Durante cinco años, Sánchez ha sabido proyectar un perfil camaleónico y bifronte en infinidad de discursos. Ha sido un marxista de libro, en el conocido sentido de Groucho: “Estos son mis principios. Si no le gustan… tengo otros”. Sabido es cómo, de la noche a la mañana, cambió su percepción de Podemos, Bildu, el procés… La lógica política de Sánchez viró según sus circunstancias y no al revés.
Sánchez ¿engañó? o ¿cometió un error tras otro? Sus destronados correligionarios del partido todavía se debaten entre una y otra opción. La actitud de los diputados y senadores nacionales, aplaudiendo como si fuera un cónclave del o norcoreano, demostró que eran una cohorte no sólo incapaz de reconocer la realidad, sino tampoco a retornar a ella.

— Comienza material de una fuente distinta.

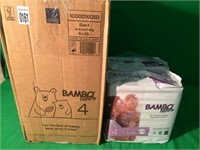 BAMBOO NATURE 5PK SIZE 4 DIAPERS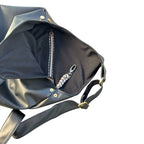 Half & Half Bag Schwarz / Verstellbar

Casos como este, en el que es difícil distinguir el engaño del error, ya fueron tratados por la filosofía clásica. Según Sócrates, nadie quien sepa qué es el bien puede hacer el mal. Luego, si alguien hace el mal conociendo el bien se comporta de manera absurda, o no lo conoce y, por tanto, es un ignorante, aún más: es un estúpido. La historia demuestra que esta ecuación (malo = estúpido) es más que cuestionable. Decía Josep Pla que “las personas de una pieza se pueden encontrar en el teatro: en la vida es más difícil”. La doblez es moneda común entre los humanos. Los políticos –como parte de ellos– no pueden ser sinceros. De ahí que el problema no es si Sánchez ha mentido sistemáticamente o no, sino su credibilidad.

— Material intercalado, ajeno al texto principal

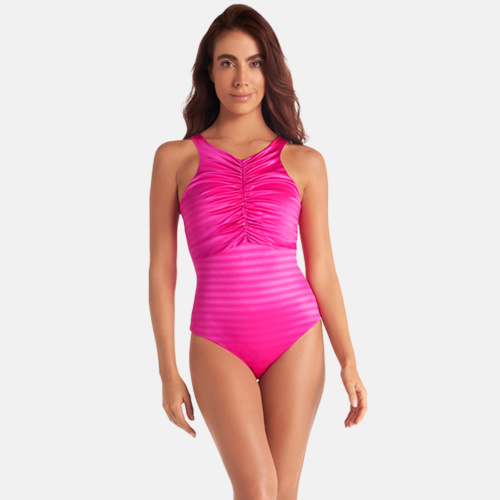 Vestido De Baño Magenta 43735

Sólo si hubiera dimitido, en lugar de lanzarse a una alocada carrera electoral, la credibilidad del presidente hubiera vencido a su imagen de mentiroso compulsivo. Si, tras los comicios, sus números no alcanzan para pactar con la izquierda reaccionaria y los ultras separatistas, su despedida de la política nacional puede quedar marcada por ese molesto juego de máscaras al que ha sometido a sus dirigentes socialistas.

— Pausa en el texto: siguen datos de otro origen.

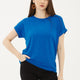 Fashion Friends 25Y0194K1 Kadın Bisiklet Yaka Bluz
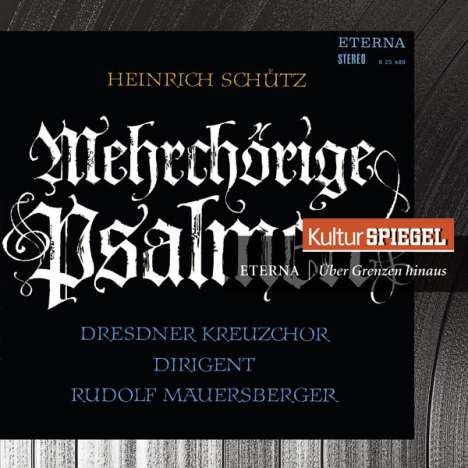 Heinrich Schütz (1585-1672): Psalmen Davids SWV 23-25,28,29,31,33-36,41, CD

Una historia popular hindú muestra que cuando se descubren los engaños, el que más sufre no es el jefe, sino su fiel servidor. Un lavandero tenía un asno con una capacidad de carga y trabajo extraordinaria. Para alimentarlo lo cubría de noche con una piel de tigre y lo llevaba a trigales ajenos. Nadie se atrevía a acercarse a un tigre. Hasta que un día un guarda, cubierto de un manto gris lleno de polvo, lo acechó con su arco. Y al verlo, el asno creyó que era una burra y rebuznó. El guarda al reconocer su voz lo mató. En fin, el que más puede perder en esta campaña no es Sánchez, sino el PSOE, hasta ahora entregado plenamente a su servicio y a su, hasta ahora, exitoso juego de máscaras.